Do you believe NV30 fragment shading hardware is capable of

Discussion in 'Architecture and Products' started by Luminescent, Feb 6, 2003.

?

Is NV30 capable of single cycle FP32 in its FS?

  1. Yes, but with a comparatively higher latency overhead than fp16

    100.0%
  2. Yes, with no forseeable performance penalty

    0 vote(s)
    0.0%
  3. No, only 1 fp16 component per clock

    0 vote(s)
    0.0%
  4. At this moment, any option is viable

    0 vote(s)
    0.0%
  1. Luminescent

    Veteran

    Joined:
    Aug 4, 2002
    Messages:
    1,036
    Likes Received:
    0
    Location:
    Miami, Fl
    What do you guys think in light of Carmack's comments and Geforce FX' shadermark benchmark results (8500 beats FX in some tests; seems to show unoptimized drivers)? Are the NV30 fragment-color-shading fp execution units capable of producing an fp32 result/component in 1 clock cycle.

    Is it 1 fp32 component per clock and 2 fp16's or 1 fp16 component per clock and 1/2 an fp32. It seems to me that whether it is integer or floating point, the NV30 is seriously underperforming.
     
  2. Tagrineth

    Tagrineth SNAKES... ON A PLANE
    Veteran

    Joined:
    Feb 14, 2002
    Messages:
    2,512
    Likes Received:
    9
    Location:
    Sunny (boring) Florida
    Well, except in Quality Aniso it seems that R300 doesn't lose much from two-cycle Trilinear... so two-cycle FP32 probably won't affect NV30 much except in really long fragment programmes.
     
  3. Luminescent

    Veteran

    Joined:
    Aug 4, 2002
    Messages:
    1,036
    Likes Received:
    0
    Location:
    Miami, Fl
    What seems fishy to me is the fact that the NV30's and even NV20's vertex pipeline is capable of single cycle fp32. They both, natively, contained 32-bit fp hardware. What keeps the same from being true in the NV30 fragment pipeline? It just doesn't add up. The units are 32-bit and can be split to 16-bit.
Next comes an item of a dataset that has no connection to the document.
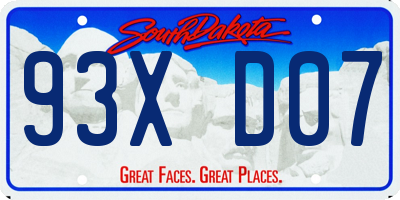 SD license plate 93XD07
It is not as if there are only 4 16-bit floating point units in the pipelines, which would require another pass. To me, it seems higher latency/bandwith requirements increase NV30's time in-between computations, however, it does not mean the hardware cannot execute the 32-bit operation in one cycle.
     
  4. RussSchultz

    RussSchultz Professional Malcontent
    Veteran

    Joined:
    Feb 6, 2002
    Messages:
    2,855
    Likes Received:
    55
    Location:
    HTTP 404
    Hypothetically: The fragment shaders FP32 units may be more complex than required by the vertex shaders

    Or perhaps because there are less vertex shader units, they can be bigger (and hence actually operate in a single instruction cycle, or be pipelined to support a throughput of 1 per cycle), but the multitude of fragment shader FP units require that they be smaller, and hence need to rely on multiple cycles to complete their operations, rather than being extra wide single cycle units.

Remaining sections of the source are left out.